Entries taken from a collection:
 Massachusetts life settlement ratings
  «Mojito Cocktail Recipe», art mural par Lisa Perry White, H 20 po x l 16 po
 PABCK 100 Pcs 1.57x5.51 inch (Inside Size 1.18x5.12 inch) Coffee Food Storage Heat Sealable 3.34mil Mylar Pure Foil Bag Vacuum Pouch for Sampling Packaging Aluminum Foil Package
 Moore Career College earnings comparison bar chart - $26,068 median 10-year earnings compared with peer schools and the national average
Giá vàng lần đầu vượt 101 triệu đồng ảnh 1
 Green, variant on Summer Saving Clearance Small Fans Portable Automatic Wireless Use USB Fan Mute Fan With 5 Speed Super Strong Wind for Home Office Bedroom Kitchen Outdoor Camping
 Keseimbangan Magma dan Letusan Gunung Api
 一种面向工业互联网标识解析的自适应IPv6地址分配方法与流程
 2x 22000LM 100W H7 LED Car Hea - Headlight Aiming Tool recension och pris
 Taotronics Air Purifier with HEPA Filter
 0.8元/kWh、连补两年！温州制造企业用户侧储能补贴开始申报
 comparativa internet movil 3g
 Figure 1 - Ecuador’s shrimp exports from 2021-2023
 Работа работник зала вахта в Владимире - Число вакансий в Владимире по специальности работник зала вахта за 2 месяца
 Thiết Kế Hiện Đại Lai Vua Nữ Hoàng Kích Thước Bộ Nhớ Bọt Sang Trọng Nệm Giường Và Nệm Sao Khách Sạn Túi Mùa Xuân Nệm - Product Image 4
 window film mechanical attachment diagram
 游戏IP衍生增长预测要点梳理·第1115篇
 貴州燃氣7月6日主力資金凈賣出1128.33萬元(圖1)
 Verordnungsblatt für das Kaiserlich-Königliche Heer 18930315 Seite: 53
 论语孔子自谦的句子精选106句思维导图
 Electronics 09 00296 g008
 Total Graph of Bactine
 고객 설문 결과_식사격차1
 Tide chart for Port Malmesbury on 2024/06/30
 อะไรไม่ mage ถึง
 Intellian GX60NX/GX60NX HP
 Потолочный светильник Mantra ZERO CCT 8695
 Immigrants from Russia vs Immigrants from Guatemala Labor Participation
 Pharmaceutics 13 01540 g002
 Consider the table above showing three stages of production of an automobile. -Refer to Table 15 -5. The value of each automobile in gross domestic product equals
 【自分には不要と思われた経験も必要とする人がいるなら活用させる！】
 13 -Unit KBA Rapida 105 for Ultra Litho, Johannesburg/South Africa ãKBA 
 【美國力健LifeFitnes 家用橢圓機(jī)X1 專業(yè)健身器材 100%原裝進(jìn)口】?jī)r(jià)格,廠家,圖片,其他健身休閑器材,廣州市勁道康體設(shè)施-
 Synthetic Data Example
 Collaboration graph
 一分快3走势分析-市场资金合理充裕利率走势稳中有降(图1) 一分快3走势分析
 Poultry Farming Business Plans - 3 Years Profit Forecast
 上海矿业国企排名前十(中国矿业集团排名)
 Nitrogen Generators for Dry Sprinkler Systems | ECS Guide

### What you will do:
As the exercise requires, copy out the data shown above word for word.

### Exercise result:
 Massachusetts life settlement ratings
  «Mojito Cocktail Recipe», art mural par Lisa Perry White, H 20 po x l 16 po
 PABCK 100 Pcs 1.57x5.51 inch (Inside Size 1.18x5.12 inch) Coffee Food Storage Heat Sealable 3.34mil Mylar Pure Foil Bag Vacuum Pouch for Sampling Packaging Aluminum Foil Package
 Moore Career College earnings comparison bar chart - $26,068 median 10-year earnings compared with peer schools and the national average
Giá vàng lần đầu vượt 101 triệu đồng ảnh 1
 Green, variant on Summer Saving Clearance Small Fans Portable Automatic Wireless Use USB Fan Mute Fan With 5 Speed Super Strong Wind for Home Office Bedroom Kitchen Outdoor Camping
 Keseimbangan Magma dan Letusan Gunung Api
 一种面向工业互联网标识解析的自适应IPv6地址分配方法与流程
 2x 22000LM 100W H7 LED Car Hea - Headlight Aiming Tool recension och pris
 Taotronics Air Purifier with HEPA Filter
 0.8元/kWh、连补两年！温州制造企业用户侧储能补贴开始申报
 comparativa internet movil 3g
 Figure 1 - Ecuador’s shrimp exports from 2021-2023
 Работа работник зала вахта в Владимире - Число вакансий в Владимире по специальности работник зала вахта за 2 месяца
 Thiết Kế Hiện Đại Lai Vua Nữ Hoàng Kích Thước Bộ Nhớ Bọt Sang Trọng Nệm Giường Và Nệm Sao Khách Sạn Túi Mùa Xuân Nệm - Product Image 4
 window film mechanical attachment diagram
 游戏IP衍生增长预测要点梳理·第1115篇
 貴州燃氣7月6日主力資金凈賣出1128.33萬元(圖1)
 Verordnungsblatt für das Kaiserlich-Königliche Heer 18930315 Seite: 53
 论语孔子自谦的句子精选106句思维导图
 Electronics 09 00296 g008
 Total Graph of Bactine
 고객 설문 결과_식사격차1
 Tide chart for Port Malmesbury on 2024/06/30
 อะไรไม่ mage ถึง
 Intellian GX60NX/GX60NX HP
 Потолочный светильник Mantra ZERO CCT 8695
 Immigrants from Russia vs Immigrants from Guatemala Labor Participation
 Pharmaceutics 13 01540 g002
 Consider the table above showing three stages of production of an automobile. -Refer to Table 15 -5. The value of each automobile in gross domestic product equals
 【自分には不要と思われた経験も必要とする人がいるなら活用させる！】
 13 -Unit KBA Rapida 105 for Ultra Litho, Johannesburg/South Africa ãKBA 
 【美國力健LifeFitnes 家用橢圓機(jī)X1 專業(yè)健身器材 100%原裝進(jìn)口】?jī)r(jià)格,廠家,圖片,其他健身休閑器材,廣州市勁道康體設(shè)施-
 Synthetic Data Example
 Collaboration graph
 一分快3走势分析-市场资金合理充裕利率走势稳中有降(图1) 一分快3走势分析
 Poultry Farming Business Plans - 3 Years Profit Forecast
 上海矿业国企排名前十(中国矿业集团排名)
 Nitrogen Generators for Dry Sprinkler Systems | ECS Guide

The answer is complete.